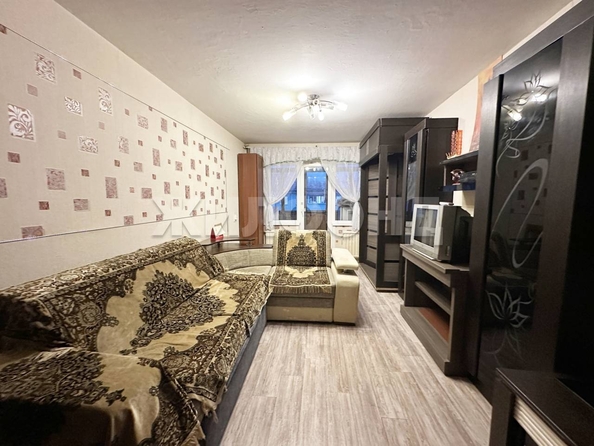 
   Продам комнату, 17.4 м², Петухова ул, 36

. Фото 2.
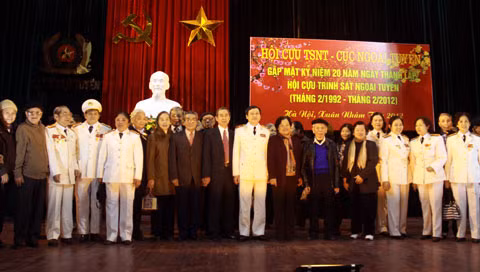 Các thế hệ trinh sát Ngoại tuyến tại buổi gặp mặt.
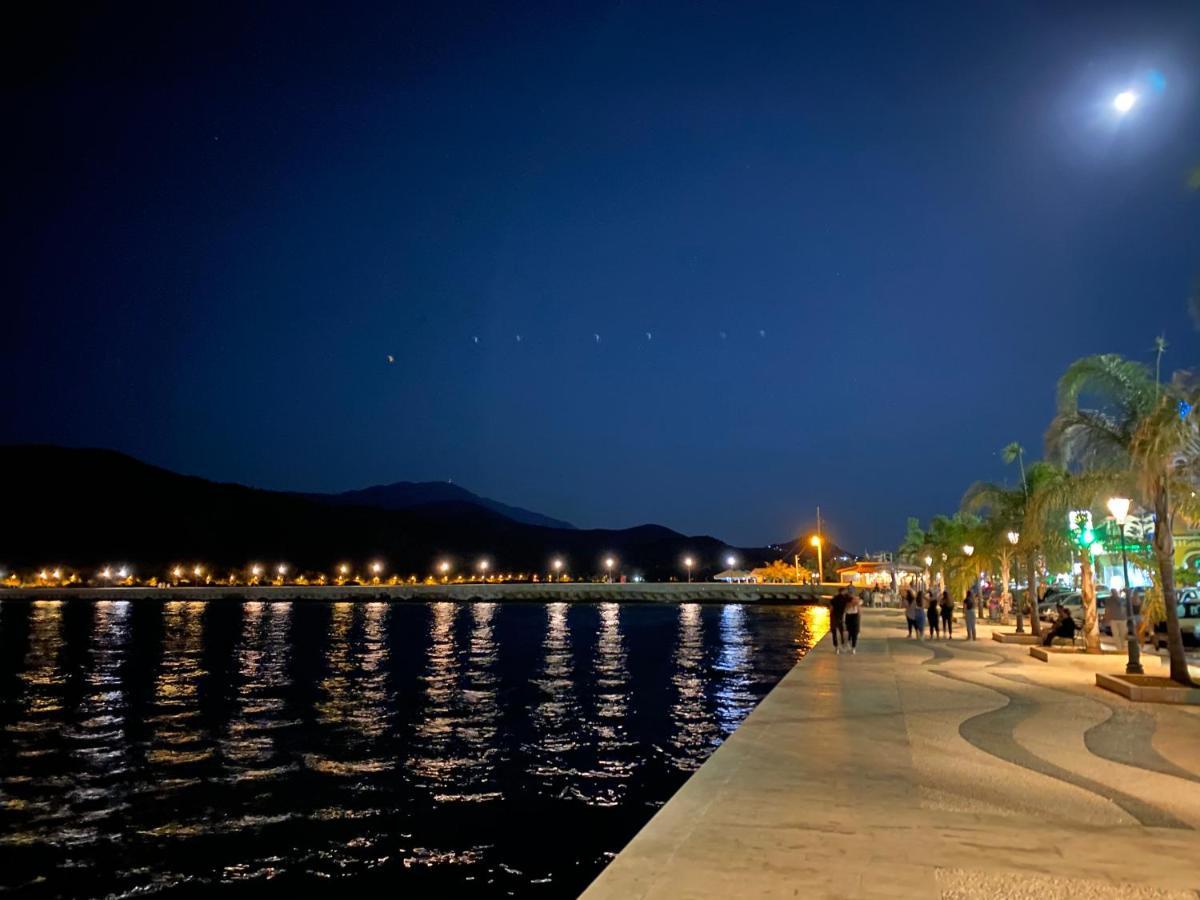 Via De Bosset * Argostoli (Kefalonia)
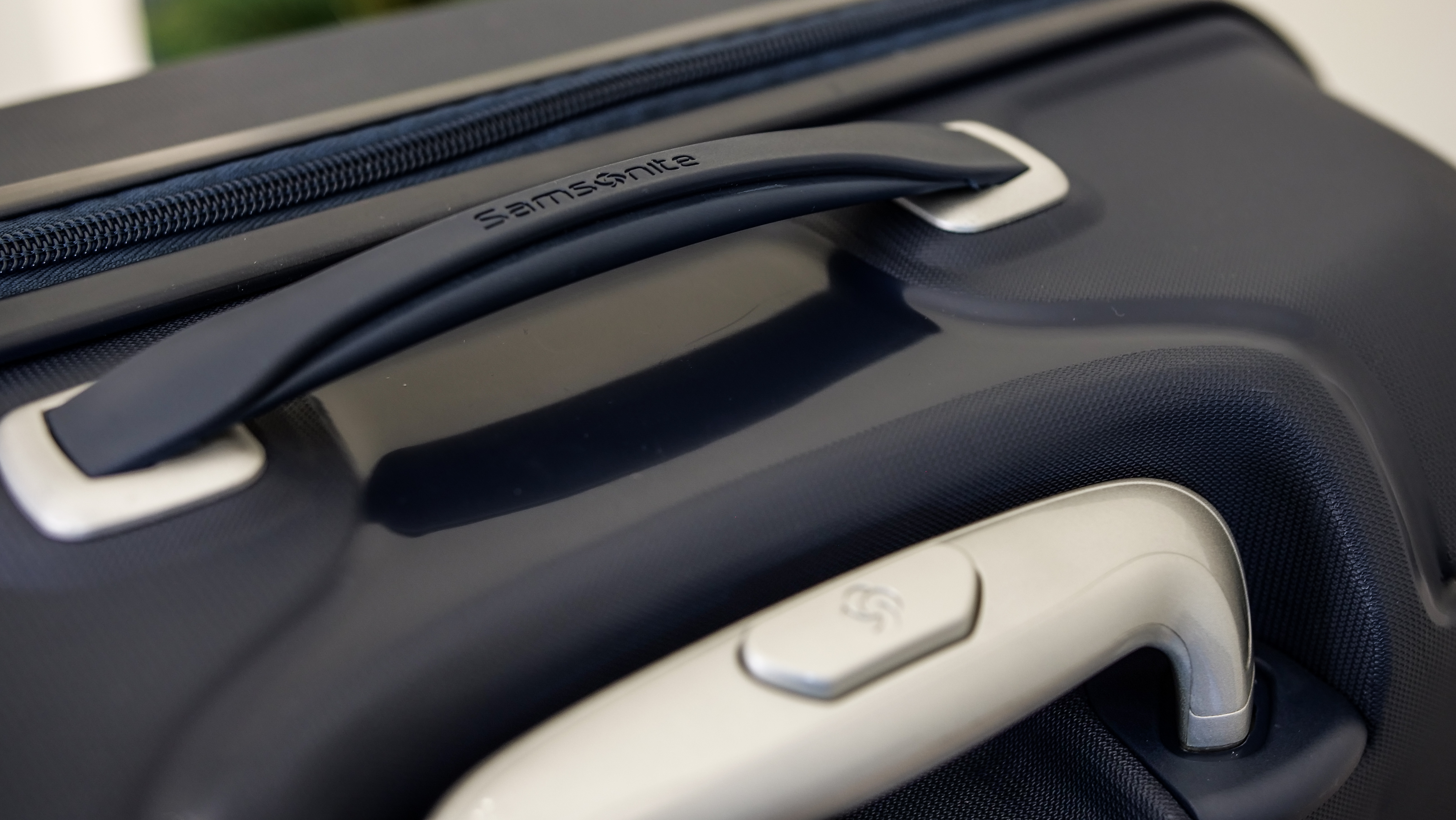 Samsonite Flux Hardside handles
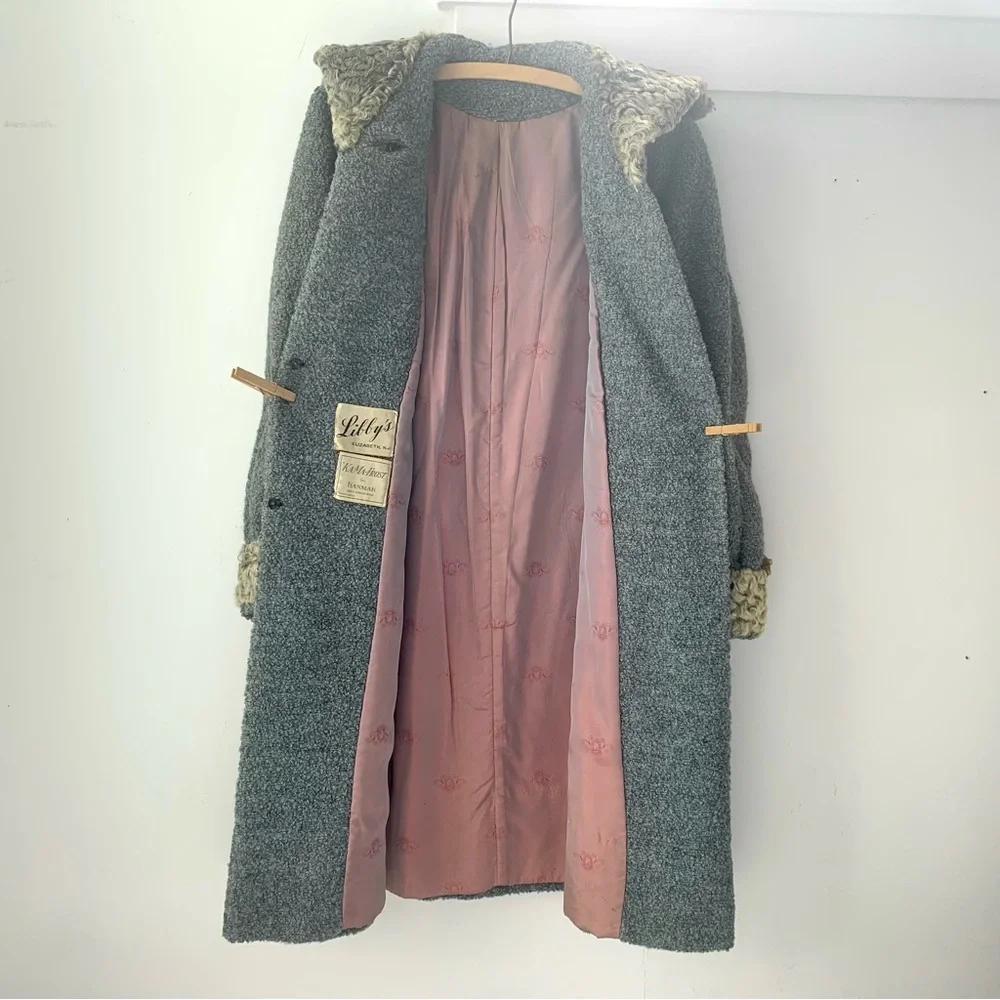 vintage 50s/60s wool boucle long winter coat with curly wool shearling trim - Picture 8 of 9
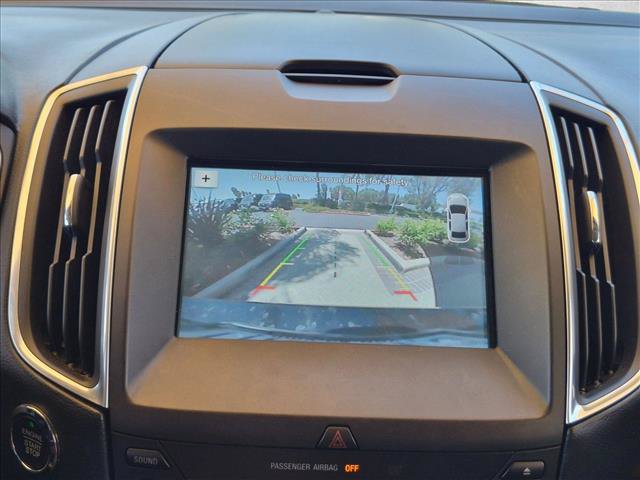 Used 2016 Ford Edge Titanium FWD image 14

------------

_ABOUT THIS EXERCISE:_
Restate word for word the lines beginning with the one that contains "Các thế hệ trinh" and ending with the last line of the listing; pictures stay out.

_WRITTEN ANSWER:_
 Các thế hệ trinh sát Ngoại tuyến tại buổi gặp mặt.
 Via De Bosset * Argostoli (Kefalonia)
 Samsonite Flux Hardside handles
 vintage 50s/60s wool boucle long winter coat with curly wool shearling trim - Picture 8 of 9
 Used 2016 Ford Edge Titanium FWD image 14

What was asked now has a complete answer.